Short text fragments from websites
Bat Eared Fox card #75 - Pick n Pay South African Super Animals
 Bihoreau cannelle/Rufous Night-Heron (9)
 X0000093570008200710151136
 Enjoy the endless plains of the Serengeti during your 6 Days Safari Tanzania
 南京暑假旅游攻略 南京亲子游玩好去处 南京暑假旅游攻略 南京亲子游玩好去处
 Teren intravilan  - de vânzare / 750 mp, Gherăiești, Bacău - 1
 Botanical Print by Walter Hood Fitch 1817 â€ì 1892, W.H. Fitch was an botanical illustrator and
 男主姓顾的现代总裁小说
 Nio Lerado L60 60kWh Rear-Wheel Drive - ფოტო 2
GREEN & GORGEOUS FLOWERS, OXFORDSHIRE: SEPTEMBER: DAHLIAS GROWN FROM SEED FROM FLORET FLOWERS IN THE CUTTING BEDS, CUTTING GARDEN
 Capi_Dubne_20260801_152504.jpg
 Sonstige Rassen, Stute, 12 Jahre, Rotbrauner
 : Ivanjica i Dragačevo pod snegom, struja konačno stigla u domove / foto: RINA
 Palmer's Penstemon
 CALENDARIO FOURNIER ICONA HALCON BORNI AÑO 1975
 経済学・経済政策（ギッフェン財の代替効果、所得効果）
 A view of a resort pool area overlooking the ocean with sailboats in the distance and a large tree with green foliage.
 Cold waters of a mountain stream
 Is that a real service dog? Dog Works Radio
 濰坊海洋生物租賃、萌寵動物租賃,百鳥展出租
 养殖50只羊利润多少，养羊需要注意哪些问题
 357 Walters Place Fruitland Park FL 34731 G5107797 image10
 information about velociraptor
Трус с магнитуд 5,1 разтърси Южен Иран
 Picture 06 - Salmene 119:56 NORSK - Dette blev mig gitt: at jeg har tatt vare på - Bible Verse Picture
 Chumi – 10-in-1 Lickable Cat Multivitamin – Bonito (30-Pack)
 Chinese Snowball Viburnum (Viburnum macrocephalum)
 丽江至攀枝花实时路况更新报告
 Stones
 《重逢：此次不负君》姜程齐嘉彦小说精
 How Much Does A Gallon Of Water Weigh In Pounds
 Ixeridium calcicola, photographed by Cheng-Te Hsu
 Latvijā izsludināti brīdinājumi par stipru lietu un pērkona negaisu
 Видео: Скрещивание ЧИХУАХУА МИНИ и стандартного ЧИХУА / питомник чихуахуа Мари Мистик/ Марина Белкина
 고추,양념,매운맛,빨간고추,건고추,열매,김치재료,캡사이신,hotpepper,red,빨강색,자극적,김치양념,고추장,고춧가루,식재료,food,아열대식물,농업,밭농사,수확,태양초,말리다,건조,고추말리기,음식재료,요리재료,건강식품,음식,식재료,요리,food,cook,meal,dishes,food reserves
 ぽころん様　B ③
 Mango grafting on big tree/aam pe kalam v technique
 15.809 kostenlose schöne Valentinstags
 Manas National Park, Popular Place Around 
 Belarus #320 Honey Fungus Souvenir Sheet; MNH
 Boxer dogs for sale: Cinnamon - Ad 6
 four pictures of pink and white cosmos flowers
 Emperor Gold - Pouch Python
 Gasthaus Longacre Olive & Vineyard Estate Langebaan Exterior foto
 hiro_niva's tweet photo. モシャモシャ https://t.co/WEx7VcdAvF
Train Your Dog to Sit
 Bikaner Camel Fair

(Assignment) Once you find the line with "X0000093570008200710151136" in the entries above, output it and each line after it up to and including the line with "Трус с магнитуд 5,1 разтърси Южен Иран", and nothing else.

(Answer area)
 X0000093570008200710151136
 Enjoy the endless plains of the Serengeti during your 6 Days Safari Tanzania
 南京暑假旅游攻略 南京亲子游玩好去处 南京暑假旅游攻略 南京亲子游玩好去处
 Teren intravilan  - de vânzare / 750 mp, Gherăiești, Bacău - 1
 Botanical Print by Walter Hood Fitch 1817 â€ì 1892, W.H. Fitch was an botanical illustrator and
 男主姓顾的现代总裁小说
 Nio Lerado L60 60kWh Rear-Wheel Drive - ფოტო 2
GREEN & GORGEOUS FLOWERS, OXFORDSHIRE: SEPTEMBER: DAHLIAS GROWN FROM SEED FROM FLORET FLOWERS IN THE CUTTING BEDS, CUTTING GARDEN
 Capi_Dubne_20260801_152504.jpg
 Sonstige Rassen, Stute, 12 Jahre, Rotbrauner
 : Ivanjica i Dragačevo pod snegom, struja konačno stigla u domove / foto: RINA
 Palmer's Penstemon
 CALENDARIO FOURNIER ICONA HALCON BORNI AÑO 1975
 経済学・経済政策（ギッフェン財の代替効果、所得効果）
 A view of a resort pool area overlooking the ocean with sailboats in the distance and a large tree with green foliage.
 Cold waters of a mountain stream
 Is that a real service dog? Dog Works Radio
 濰坊海洋生物租賃、萌寵動物租賃,百鳥展出租
 养殖50只羊利润多少，养羊需要注意哪些问题
 357 Walters Place Fruitland Park FL 34731 G5107797 image10
 information about velociraptor
Трус с магнитуд 5,1 разтърси Южен Иран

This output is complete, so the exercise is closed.